Que des façades entières, sans vidéoprotection, aient pu rester vulnérables alors que le musée concentre des trésors inestimables — c’est invraisemblable, et pourtant réel.
Comment expliquer qu’un tel dispositif de protection n’ait pas été renforcé, alors même que M. Nuñez avait déclaré avoir approuvé un plan de sécurisation ? Cet écart entre les hautes déclarations et les mesures effectives marque une défaillance systémique où le discours supplante l’action.
Fort de ma longue expérience dans la protection du patrimoine, j’ai pu constater que nos élites culturelles et politiques bâtissent volontiers des projets grandioses tout en négligeant les nécessités du quotidien. Ils veulent la grandeur, le symbole, l’image — mais oublient souvent la contingence : la surveillance, la sûreté, le concret. J’ai moi-même entendu un chef de site affirmer : « Il ne se passera jamais d’incendie dans nos institutions », phrase aussitôt accueillie par les rires des architectes en chef roulant en Porsche. Une mentalité de déni, une suffisance inquiète.
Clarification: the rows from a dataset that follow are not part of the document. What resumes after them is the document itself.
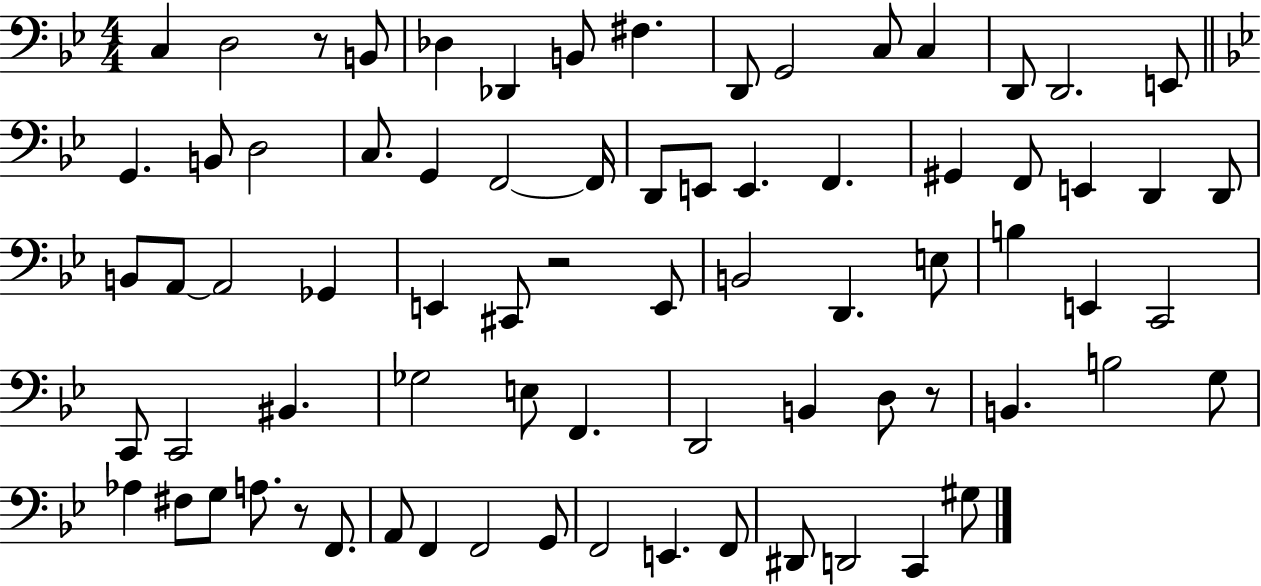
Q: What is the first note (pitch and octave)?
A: C3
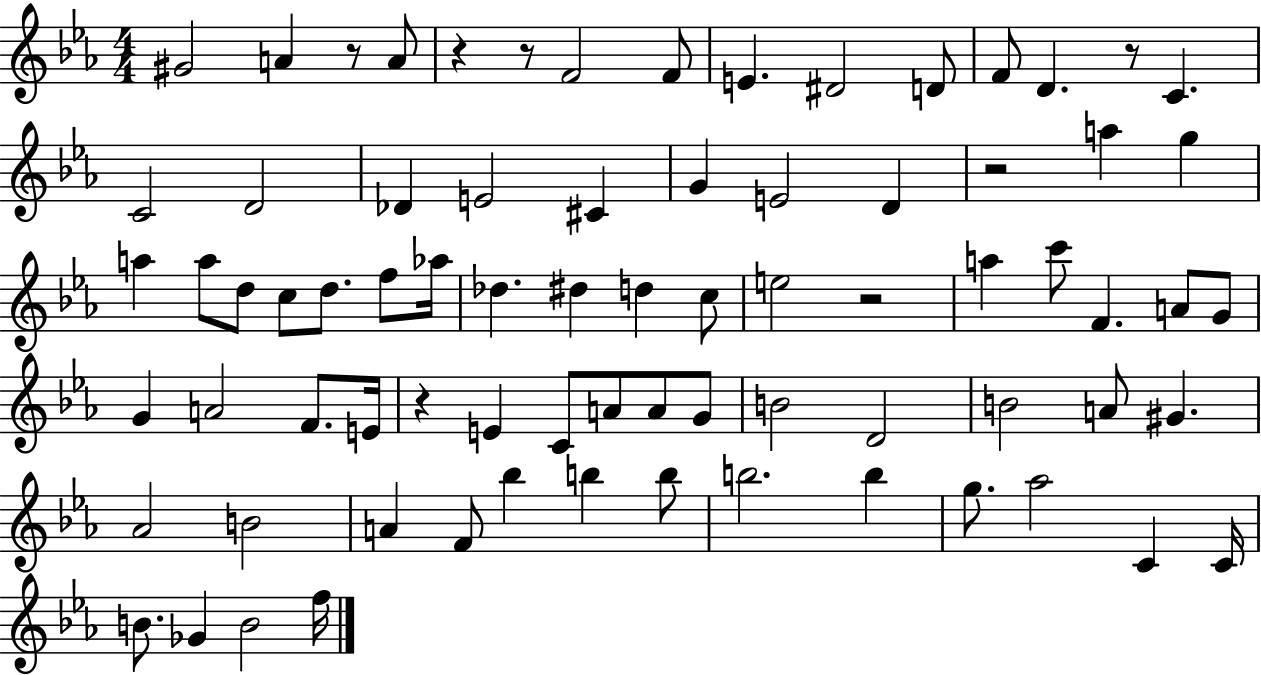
{
  \clef treble
  \numericTimeSignature
  \time 4/4
  \key ees \major
  gis'2 a'4 r8 a'8 | r4 r8 f'2 f'8 | e'4. dis'2 d'8 | f'8 d'4. r8 c'4. | \break c'2 d'2 | des'4 e'2 cis'4 | g'4 e'2 d'4 | r2 a''4 g''4 | \break a''4 a''8 d''8 c''8 d''8. f''8 aes''16 | des''4. dis''4 d''4 c''8 | e''2 r2 | a''4 c'''8 f'4. a'8 g'8 | \break g'4 a'2 f'8. e'16 | r4 e'4 c'8 a'8 a'8 g'8 | b'2 d'2 | b'2 a'8 gis'4. | \break aes'2 b'2 | a'4 f'8 bes''4 b''4 b''8 | b''2. b''4 | g''8. aes''2 c'4 c'16 | \break b'8. ges'4 b'2 f''16 | \bar "|."
}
Laurent Nuñez, dont l’image est celle d’un professionnel aguerri et apolitique, semble avoir gravement failli. Ne pas sécuriser les abords du Louvre ; ne pas s’émouvoir de balcons donnant directement depuis la rue sur des espaces abritant les joyaux de la Couronne : voilà une négligence qui dépasse le simple oubli. Le cœur symbolique de notre pays a été attaqué parce que trois malheureux plots manquaient.
La présidente du Louvre et sa responsable sécurité doivent répondre de leur rôle — certes. Mais il ne faudrait pas que l’on en fasse uniquement des boucs-émissaires. Le ministre de l’Intérieur doit également prendre sa part de responsabilité.
Il ne s’agissait pas d’un problème d’argent. Le dispositif à mettre en place aurait été modeste par rapport à l’enjeu. Le problème est d’abord un problème de conception, de hiérarchie, de culture de la prévention. Après l’incendie de Notre-Dame, le Sénat avait évoqué des « impensés » en matière de sécurité. Ces impensés ne sont pas des fatalités : ce sont des fautes, des négligences, un aveuglement volontaire.
Le président de la République n’a pas accepté les démissions proposées après ce vol. C’est un nouveau signe de ce déni récurrent : reconnaître l’erreur, admettre la faute — voilà ce qu’on évite. Or, l’impensé est une faute ; ce que le Sénat désigne pudiquement par « impensé », c’est souvent de la bêtise satisfaite, de l’orgueil, et un refus de traiter les réalités.
Ce qui s’est passé au Louvre, je l’ai vécu dans ma propre pratique : l’incompétence, le mépris, l’autosatisfaction. Quand le cœur symbolique d’un pays est visé pour trois plots manquants, ce n’est pas un simple incident. C’est un scandale d’État. Et Laurent Nuñez, ministre de l’Intérieur, ancien préfet de police de Paris, ne peut en être exonéré.